*** Opening Exercise materials ***

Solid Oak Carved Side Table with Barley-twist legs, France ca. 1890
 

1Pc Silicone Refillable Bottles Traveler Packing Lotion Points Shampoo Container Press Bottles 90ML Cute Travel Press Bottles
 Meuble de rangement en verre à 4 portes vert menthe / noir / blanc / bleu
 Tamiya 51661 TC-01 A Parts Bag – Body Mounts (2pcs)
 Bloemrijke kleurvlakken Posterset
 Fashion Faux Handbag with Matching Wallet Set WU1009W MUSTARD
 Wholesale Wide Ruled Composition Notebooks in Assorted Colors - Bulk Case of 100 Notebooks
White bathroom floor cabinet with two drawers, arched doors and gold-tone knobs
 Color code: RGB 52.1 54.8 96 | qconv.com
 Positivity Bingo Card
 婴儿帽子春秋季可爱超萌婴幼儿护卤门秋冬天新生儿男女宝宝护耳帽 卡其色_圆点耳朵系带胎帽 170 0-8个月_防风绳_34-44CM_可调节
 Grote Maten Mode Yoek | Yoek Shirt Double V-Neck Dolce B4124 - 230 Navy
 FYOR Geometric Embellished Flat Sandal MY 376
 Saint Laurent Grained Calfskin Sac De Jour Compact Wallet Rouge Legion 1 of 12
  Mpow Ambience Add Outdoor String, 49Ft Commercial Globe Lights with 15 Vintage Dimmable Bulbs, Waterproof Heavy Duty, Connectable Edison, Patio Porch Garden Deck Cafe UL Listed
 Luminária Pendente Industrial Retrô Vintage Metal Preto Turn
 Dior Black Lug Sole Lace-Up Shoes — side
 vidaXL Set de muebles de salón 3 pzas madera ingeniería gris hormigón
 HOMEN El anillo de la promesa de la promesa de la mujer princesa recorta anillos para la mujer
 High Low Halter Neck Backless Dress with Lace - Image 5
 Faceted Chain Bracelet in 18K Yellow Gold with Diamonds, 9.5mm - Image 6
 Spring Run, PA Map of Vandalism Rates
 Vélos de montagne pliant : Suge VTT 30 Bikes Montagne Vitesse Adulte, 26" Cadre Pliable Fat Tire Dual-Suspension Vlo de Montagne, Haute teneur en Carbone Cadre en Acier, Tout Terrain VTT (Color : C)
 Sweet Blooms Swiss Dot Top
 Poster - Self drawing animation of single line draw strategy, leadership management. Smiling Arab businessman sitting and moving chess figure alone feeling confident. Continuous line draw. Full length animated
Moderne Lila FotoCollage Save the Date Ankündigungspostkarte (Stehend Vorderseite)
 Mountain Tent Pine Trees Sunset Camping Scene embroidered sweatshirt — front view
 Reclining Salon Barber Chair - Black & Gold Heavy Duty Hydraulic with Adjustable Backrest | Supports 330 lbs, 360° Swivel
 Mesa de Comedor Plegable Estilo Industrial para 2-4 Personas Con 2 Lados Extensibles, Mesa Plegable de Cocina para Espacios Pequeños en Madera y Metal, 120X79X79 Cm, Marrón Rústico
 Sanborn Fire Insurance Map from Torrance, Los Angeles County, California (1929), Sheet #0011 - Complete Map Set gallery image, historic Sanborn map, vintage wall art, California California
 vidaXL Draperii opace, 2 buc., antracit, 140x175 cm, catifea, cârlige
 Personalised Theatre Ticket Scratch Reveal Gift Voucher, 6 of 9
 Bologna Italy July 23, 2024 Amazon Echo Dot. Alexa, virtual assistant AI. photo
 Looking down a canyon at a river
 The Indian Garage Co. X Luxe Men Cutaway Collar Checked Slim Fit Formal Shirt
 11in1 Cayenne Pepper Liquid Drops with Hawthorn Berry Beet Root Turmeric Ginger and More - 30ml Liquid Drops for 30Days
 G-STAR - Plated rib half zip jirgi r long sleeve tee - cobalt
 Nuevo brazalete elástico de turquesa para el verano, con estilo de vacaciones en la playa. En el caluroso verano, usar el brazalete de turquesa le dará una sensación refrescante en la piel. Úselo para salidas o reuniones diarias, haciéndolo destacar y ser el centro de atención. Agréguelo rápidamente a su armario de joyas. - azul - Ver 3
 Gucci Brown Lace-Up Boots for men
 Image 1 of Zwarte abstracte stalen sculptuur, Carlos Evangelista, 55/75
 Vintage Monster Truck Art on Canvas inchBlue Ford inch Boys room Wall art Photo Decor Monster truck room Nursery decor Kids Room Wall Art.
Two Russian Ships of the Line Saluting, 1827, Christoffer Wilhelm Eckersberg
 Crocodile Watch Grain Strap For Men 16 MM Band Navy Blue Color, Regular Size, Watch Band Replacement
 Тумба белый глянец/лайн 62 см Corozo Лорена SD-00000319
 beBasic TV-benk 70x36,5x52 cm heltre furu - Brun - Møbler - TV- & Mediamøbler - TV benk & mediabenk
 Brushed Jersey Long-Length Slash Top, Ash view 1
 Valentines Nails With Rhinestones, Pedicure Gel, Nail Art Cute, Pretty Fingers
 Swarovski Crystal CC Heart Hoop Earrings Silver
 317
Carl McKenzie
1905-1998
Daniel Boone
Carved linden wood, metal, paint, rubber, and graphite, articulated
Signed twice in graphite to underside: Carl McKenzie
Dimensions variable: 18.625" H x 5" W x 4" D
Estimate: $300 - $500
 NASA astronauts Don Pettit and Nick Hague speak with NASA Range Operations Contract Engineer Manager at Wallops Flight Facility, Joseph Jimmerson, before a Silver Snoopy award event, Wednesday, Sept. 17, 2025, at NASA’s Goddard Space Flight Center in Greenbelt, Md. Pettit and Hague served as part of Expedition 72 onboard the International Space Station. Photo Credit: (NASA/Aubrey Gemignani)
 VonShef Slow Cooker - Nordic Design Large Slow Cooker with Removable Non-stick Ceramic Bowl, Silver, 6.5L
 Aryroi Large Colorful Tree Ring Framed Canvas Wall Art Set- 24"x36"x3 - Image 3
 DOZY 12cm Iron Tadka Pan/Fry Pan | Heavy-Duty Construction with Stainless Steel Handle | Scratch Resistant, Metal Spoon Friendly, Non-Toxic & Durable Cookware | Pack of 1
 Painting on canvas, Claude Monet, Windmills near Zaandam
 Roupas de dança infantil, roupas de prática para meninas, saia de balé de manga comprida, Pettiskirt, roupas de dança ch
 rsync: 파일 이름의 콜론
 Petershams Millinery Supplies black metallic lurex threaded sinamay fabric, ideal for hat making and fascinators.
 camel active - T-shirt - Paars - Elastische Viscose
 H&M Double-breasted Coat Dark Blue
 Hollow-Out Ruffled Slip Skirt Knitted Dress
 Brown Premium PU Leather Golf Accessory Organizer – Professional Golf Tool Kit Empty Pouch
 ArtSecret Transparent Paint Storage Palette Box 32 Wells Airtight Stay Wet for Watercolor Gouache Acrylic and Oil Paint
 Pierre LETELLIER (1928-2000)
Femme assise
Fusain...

*** Closing Exercise materials ***

Show the lines of the material that contain the word "Dress".

> [Your response]:
 High Low Halter Neck Backless Dress with Lace - Image 5
 Hollow-Out Ruffled Slip Skirt Knitted Dress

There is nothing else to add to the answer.